RELENG_5 panic [nic: _mtx_lock_sleep: recursed on non-recursivemutex nfsd_mtx]

Robert Watson rwatson at freebsd.org
Mon Oct 18 04:01:50 PDT 2004


On Mon, 18 Oct 2004, Robert Watson wrote:

> If this is timing-related, it could be KTR disrupts the timing
> sufficiently to prevent it.  More likely, it went away because the work
> load on the NFS server changed, or the directory layout changed, or some
> other factor that caused the passage through the NFS code to change. 

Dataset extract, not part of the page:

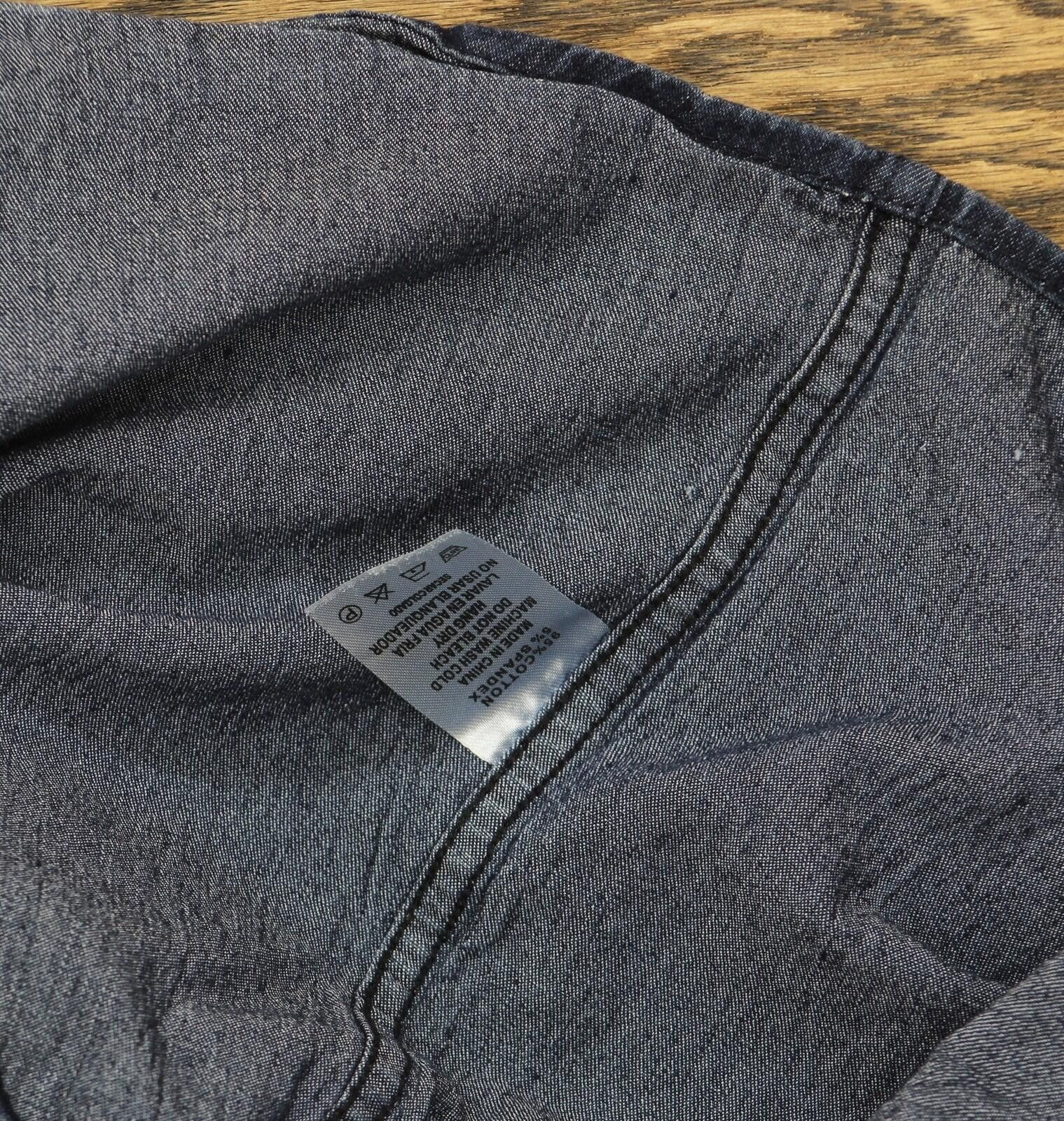 Other Aiopeson Long Distressed Denim Button Up Shirt Dark Blue S Size US S / EU 44-46 / 1 - 4 Thumbnail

Actually, I think I found it.  Did the drive or partition layout in your
NFS server change recently?  If so, that would cause the fsid of the file
system to change, resulting in ESTALE errors being returned to the client; 
I found one or two nits in the error handling for vfs_getvfs()  that would
result in the problem you saw.  The attached patch should correct, as well
as add additional assertions to catch related bugs; note that this patch
appears to work fine in my environment, but that the additional assertions
could detect bugs I'm not seeing in my environment for similar reasons to
the ones that prevented me from seeing the one you just reported. 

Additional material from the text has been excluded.